[MATERIAL FOR THIS EXERCISE]:
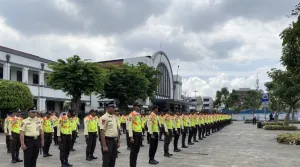 KAI Services Ingatkan Penumpang KRL untuk Utamakan Keselamatan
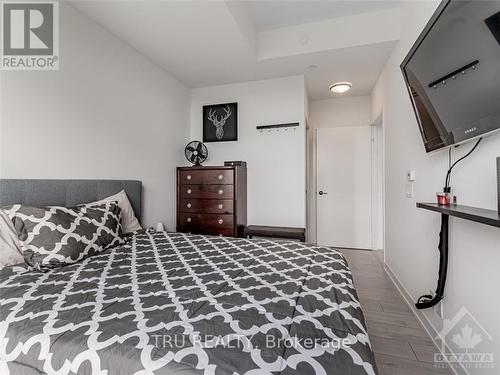 Lph12 - 270 Dufferin Street, Toronto (South Parkdale), ON - Indoor Photo Showing Bedroom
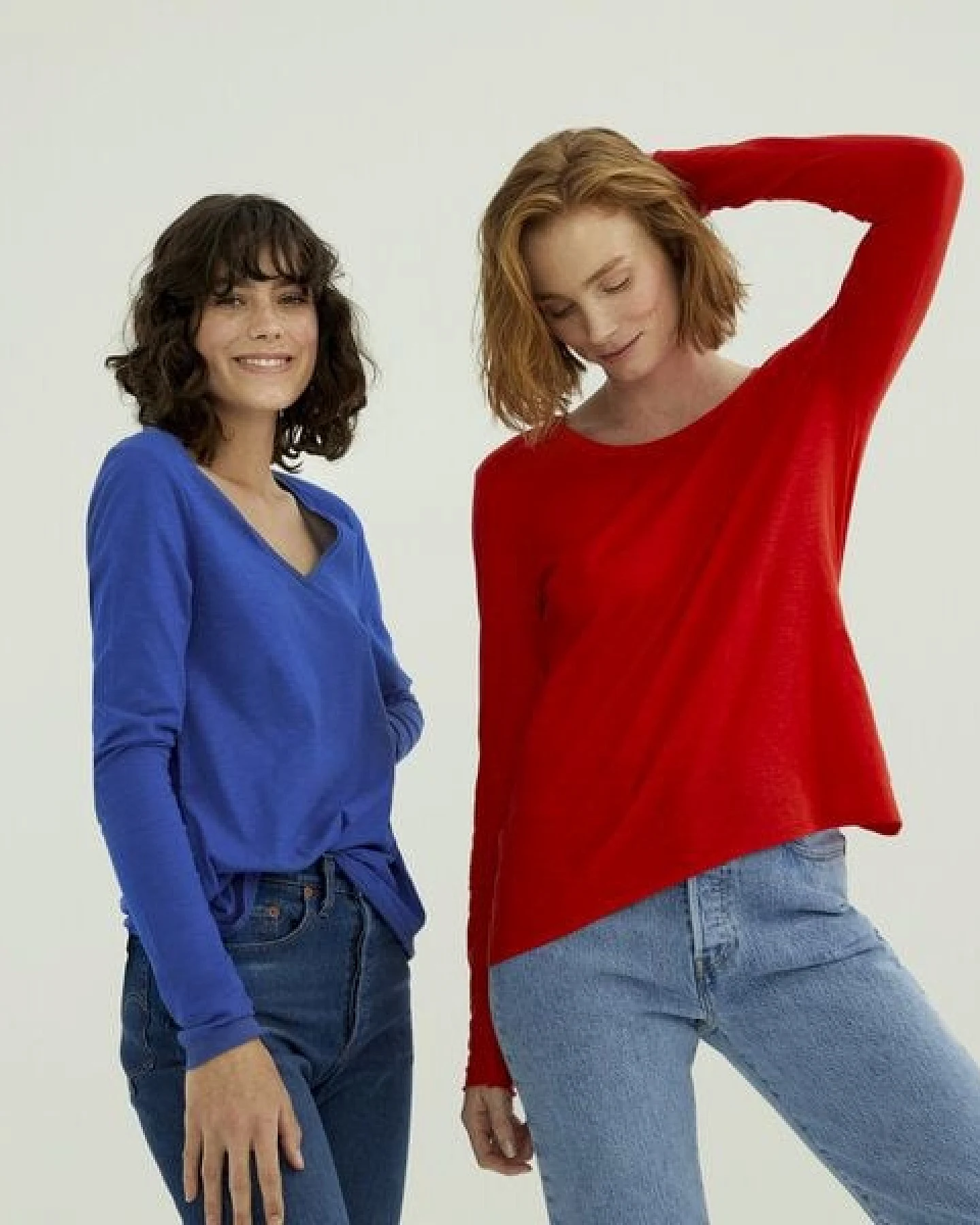 d'Els Esterella Damen V-Neck Langarm T-Shirt aus Flame Bio Baumwolle – Ansicht 3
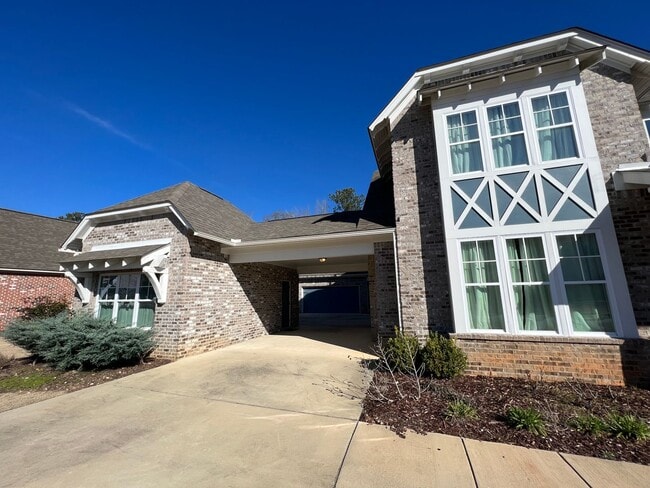 Building Photo - Cypress Point- On the AU Golf Course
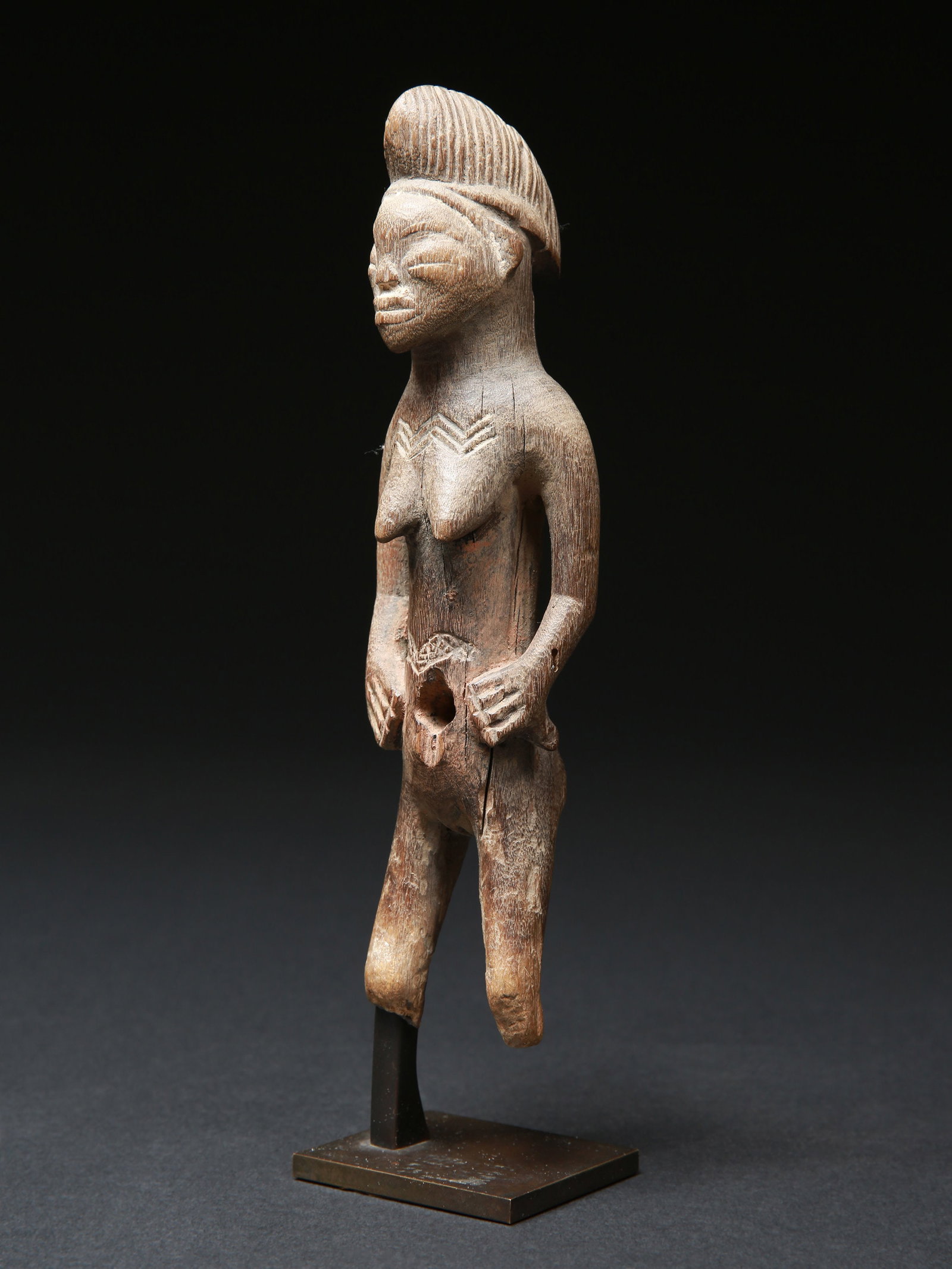 A Punu Figure (1 of 11)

[WORK INSTRUCTIONS]: Repeat all of the entries word for word, but omit the pictures.

[REPLY]:
 KAI Services Ingatkan Penumpang KRL untuk Utamakan Keselamatan
 Lph12 - 270 Dufferin Street, Toronto (South Parkdale), ON - Indoor Photo Showing Bedroom
 d'Els Esterella Damen V-Neck Langarm T-Shirt aus Flame Bio Baumwolle – Ansicht 3
 Building Photo - Cypress Point- On the AU Golf Course
 A Punu Figure (1 of 11)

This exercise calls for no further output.